First we will store the total dataset in a sql database table as exploded_data

In [23]:
# For simplicity, convert the latest dataframe variable name to df_final before saving to the database

df_final = df_converted.sort("date_time",'location_code','parameter_code')
df_final.show()

+-------------+--------------------+--------------------+-----------------+--------------+---------+-------------------+-----------------+------------------+------------------+
|location_code|                name|         description|compartiment_code|parameter_code|unit_code|          date_time|measurement_value|      Y_coordinate|      X_coordinate|
+-------------+--------------------+--------------------+-----------------+--------------+---------+-------------------+-----------------+------------------+------------------+
|          BG2|Brouwershavense G...|Significante golf...|               OW|           Hm0|       cm|2025-01-01 10:00:00|            178.0| 51.76652700000006| 3.621746999999992|
|          BG2|Brouwershavense G...|Golfperiode bepaa...|               OW|          Tm02|        s|2025-01-01 10:00:00|              4.9| 51.76652700000006| 3.621746999999992|
|          BG2|Brouwershavense G...|Windrichting Luch...|               LT|       WINDRTG|    graad|2025-01-01 10:0

### Storing the exploded dataframe into the SQL database

In [24]:
import configparser

# Define the connection properties
config = configparser.ConfigParser()
config.read('./../credentials')

db_ip = "localhost:1433"
db_name = "data_structure_v3"
db_username = config['database']['username']
db_password = config['database']['password']

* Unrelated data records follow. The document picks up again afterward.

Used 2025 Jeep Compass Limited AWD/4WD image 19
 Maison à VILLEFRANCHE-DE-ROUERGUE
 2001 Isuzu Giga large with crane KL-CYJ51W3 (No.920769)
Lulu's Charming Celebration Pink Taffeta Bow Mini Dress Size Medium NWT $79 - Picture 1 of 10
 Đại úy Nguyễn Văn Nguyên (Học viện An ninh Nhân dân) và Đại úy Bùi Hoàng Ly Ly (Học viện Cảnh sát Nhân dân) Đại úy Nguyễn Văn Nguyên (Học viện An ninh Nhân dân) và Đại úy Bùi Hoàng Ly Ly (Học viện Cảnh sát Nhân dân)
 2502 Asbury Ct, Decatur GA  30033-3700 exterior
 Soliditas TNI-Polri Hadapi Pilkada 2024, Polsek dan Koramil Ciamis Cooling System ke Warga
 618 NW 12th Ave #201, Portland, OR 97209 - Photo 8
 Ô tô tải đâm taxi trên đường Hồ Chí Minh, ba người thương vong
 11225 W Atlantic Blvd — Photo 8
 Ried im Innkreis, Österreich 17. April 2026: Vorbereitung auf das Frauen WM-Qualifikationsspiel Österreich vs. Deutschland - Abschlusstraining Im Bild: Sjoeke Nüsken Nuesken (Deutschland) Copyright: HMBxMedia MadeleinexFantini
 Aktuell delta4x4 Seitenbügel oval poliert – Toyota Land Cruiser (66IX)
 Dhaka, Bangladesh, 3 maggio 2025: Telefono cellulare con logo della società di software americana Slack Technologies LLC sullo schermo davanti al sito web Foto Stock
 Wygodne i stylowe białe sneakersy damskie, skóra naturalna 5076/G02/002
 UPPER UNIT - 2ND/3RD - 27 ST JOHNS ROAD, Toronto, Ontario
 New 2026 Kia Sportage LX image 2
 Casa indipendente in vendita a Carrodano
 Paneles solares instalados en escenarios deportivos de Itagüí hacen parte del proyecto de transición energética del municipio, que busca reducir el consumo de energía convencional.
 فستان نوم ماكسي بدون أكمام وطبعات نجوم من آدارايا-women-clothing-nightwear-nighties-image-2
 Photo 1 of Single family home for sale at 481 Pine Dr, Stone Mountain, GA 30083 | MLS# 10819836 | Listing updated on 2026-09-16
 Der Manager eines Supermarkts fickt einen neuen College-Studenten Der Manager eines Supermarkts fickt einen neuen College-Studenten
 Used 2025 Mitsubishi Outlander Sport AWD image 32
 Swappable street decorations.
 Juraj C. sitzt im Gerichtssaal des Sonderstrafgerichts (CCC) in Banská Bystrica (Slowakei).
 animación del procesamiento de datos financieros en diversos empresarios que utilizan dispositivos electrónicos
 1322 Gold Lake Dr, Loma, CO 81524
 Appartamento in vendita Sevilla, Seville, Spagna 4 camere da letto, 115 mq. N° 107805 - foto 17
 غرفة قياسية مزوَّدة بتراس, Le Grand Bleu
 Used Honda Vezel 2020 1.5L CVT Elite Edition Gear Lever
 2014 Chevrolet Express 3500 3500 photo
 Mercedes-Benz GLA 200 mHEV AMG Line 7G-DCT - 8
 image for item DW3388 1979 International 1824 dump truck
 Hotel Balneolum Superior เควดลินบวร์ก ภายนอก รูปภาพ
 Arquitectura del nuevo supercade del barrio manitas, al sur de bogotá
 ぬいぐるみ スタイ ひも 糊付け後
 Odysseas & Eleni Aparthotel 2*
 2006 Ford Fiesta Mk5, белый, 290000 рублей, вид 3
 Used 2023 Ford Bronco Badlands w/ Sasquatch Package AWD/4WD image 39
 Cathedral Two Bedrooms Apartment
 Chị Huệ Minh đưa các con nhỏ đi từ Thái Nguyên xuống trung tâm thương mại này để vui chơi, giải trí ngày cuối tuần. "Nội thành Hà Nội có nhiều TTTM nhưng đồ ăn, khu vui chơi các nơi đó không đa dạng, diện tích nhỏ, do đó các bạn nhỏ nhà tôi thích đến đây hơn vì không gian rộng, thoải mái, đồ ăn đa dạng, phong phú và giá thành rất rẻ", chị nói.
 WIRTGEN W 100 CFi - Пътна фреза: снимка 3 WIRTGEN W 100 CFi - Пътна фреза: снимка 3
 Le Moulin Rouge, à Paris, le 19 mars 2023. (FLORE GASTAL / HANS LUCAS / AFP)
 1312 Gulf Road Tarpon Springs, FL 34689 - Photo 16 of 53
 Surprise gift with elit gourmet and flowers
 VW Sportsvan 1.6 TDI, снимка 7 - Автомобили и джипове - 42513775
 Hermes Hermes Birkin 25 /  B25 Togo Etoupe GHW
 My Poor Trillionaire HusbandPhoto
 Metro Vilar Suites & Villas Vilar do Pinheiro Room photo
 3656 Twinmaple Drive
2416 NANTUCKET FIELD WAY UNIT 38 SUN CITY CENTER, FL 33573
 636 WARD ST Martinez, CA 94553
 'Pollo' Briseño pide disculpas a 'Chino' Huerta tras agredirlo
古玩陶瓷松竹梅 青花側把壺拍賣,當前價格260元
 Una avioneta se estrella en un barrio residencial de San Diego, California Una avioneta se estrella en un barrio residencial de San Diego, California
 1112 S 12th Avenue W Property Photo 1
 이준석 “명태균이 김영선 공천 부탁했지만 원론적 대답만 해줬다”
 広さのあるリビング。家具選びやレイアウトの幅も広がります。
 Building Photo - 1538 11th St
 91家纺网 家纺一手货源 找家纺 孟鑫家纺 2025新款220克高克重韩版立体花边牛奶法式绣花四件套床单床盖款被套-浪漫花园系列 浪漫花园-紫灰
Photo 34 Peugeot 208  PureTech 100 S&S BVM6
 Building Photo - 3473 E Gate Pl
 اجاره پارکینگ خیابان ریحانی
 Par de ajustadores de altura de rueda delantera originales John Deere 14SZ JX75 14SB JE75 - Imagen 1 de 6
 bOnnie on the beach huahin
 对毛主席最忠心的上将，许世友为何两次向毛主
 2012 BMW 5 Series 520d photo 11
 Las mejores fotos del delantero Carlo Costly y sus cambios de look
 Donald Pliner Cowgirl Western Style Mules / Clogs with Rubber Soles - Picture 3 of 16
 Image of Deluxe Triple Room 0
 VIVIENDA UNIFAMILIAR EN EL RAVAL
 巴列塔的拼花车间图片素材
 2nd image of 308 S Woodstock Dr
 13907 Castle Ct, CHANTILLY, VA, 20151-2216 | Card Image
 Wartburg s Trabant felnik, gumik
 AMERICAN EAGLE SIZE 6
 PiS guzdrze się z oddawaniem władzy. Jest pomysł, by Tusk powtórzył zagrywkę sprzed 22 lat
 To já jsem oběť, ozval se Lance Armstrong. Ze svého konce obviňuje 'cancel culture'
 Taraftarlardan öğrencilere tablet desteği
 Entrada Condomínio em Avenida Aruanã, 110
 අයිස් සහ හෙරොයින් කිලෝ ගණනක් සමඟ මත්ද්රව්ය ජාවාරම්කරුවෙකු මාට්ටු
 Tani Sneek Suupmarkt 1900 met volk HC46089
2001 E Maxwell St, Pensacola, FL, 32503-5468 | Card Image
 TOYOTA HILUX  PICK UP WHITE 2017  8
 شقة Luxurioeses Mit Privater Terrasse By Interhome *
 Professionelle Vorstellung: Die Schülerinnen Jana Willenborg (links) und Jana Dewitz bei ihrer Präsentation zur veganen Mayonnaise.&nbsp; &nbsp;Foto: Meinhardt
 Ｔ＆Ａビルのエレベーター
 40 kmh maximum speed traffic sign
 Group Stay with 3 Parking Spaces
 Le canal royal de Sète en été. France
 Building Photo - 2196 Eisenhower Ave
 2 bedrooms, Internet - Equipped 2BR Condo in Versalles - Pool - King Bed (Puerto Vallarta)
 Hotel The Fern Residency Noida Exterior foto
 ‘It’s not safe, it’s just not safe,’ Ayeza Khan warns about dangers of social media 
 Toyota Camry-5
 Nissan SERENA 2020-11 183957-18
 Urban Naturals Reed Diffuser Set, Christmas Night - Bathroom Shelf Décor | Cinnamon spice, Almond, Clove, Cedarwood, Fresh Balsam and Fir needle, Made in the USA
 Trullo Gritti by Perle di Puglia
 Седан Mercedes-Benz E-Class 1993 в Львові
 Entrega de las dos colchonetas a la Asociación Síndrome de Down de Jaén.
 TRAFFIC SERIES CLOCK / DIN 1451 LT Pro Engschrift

driver = "com.microsoft.sqlserver.jdbc.SQLServerDriver"
jdbc_url = f"jdbc:sqlserver://{db_ip};databaseName={db_name};username={db_username};password={db_password};TrustServerCertificate=True;"

# Write the DataFrame to the database
table_name = "DBO.exploded_data"

df_final.write \
    .format("jdbc") \
    .option("url", jdbc_url) \
    .option("dbtable", table_name) \
    .option("driver", driver) \
    .mode("overwrite") \
    .save()



### Create dimension tables
Than we will create dimension tables such that the data is distributed over different tables in the star schema, and linked to eachother with primary and foreign keys.

In [25]:
from pyspark.sql.functions import col, monotonically_increasing_id

# Create dimension tables with unique IDs
timestamp_dim = df_final.select(
    col("date_time")
).distinct().withColumn("timestamp_id", monotonically_increasing_id() + 1)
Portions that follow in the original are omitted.